Timeouts are common in any enterprise level application. With the huge size of database and concurrent users accessing application I am sure most of you might have encountered timeouts in application.

There can be many reasons for timeouts. The prominent ones are blocking or CPU/memory usage going high. Recently I had to work on application that was getting frequent timeout error.The error is shown here

             

On enquiring the details of application I was informed that it was an old ASP application and the database was running in SQL Server 2005.There is a particular report which when accessed throws the timeout error. A specific stored procedure was executed for this report and the parameter was date range supplied.

Like any DBA who has some knowledge on application programming and administration I thought of recommending them to increase the connection/command timeout value in connection string or IIS.But then a question flashed “Is this the best way to handle this issue?”.
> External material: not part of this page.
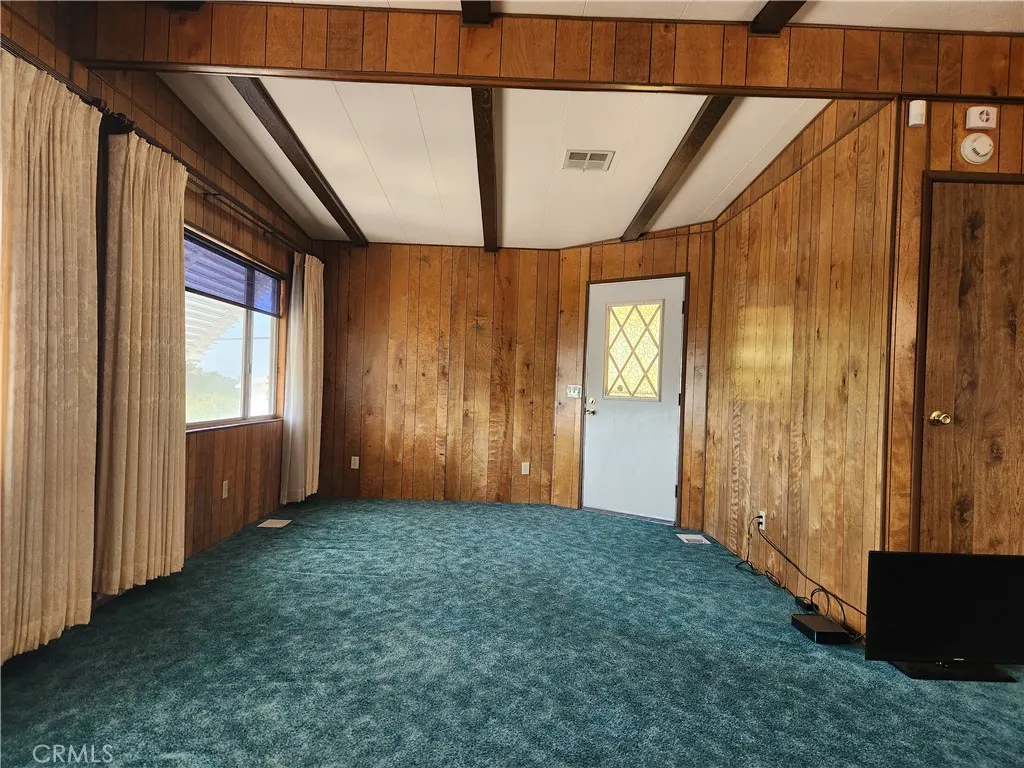 Additional image 19 of 5181 Royal Oaks Dr, Oroville, CA 95966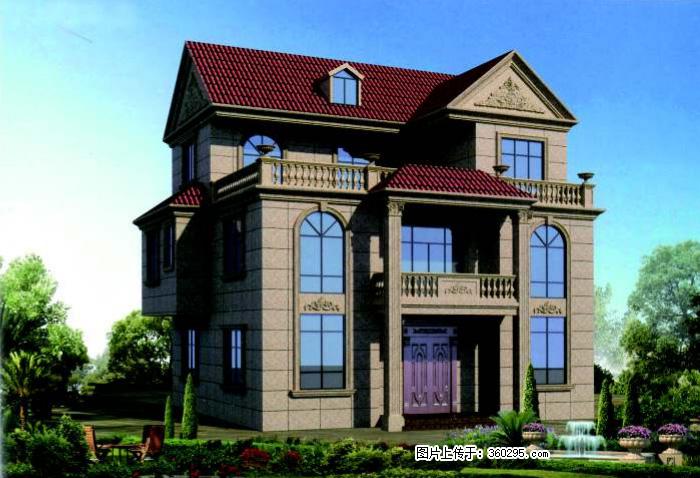 EPS工程案例(2) - 阿坝三象EPS建材 ab.sx311.cc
The answer was No. Ideally I should monitor the instance for any blocking. If there are no blockings then check the CPU and RAM utilization. Execute a profiler and capture the statements utilizing high CPU and tune them and check if still you get timeouts or not. If still the issue persists then request network admin to start a netmon trace to check if data-packets across network are getting lost. 

On checking the instance for blocking (blocked processes) I couldn’t find anything. There was one more application on which I was closely working that also has the same issue of timeout but it  was predominantly due to processes blocking each other. But in this instance I couldn’t find any process that was blocked. Now the next doubt was CPU or memory usage.
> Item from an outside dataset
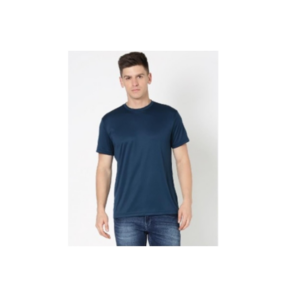 REEBOK CREW NECK T-SHIRT REGULER FIT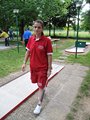 IMG_6265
To monitor the statements consuming high CPU I decided to start a trace using profiler. Please make sure that whenever working on application related timeout issue the event Attention in profiler is selected. This event would get fired whenever application gets a timeout. You can then check which TSQL statement was executed just prior to this timeout. The events selected in profiler were:

Attention

User Error Message

RPC: Starting

RPC: Completed

SP:Starting

SP:Completed

SP:StmtStarting

SP:StmtCompleted

SQL:BatchStarting

SQL:BatchCompleted 

On running the trace what I found was certainly the CPU time, reads and duration for the particular SP was high and I was able to locate the exact TSQL statement which was throwing timeout.

As shown in the screenshot the update statement was creating issue. The reads were high and it was consuming high CPU cycles. This update was executed inside a while loop and the same trace file  had details about the reads and CPU of previously completed update statements.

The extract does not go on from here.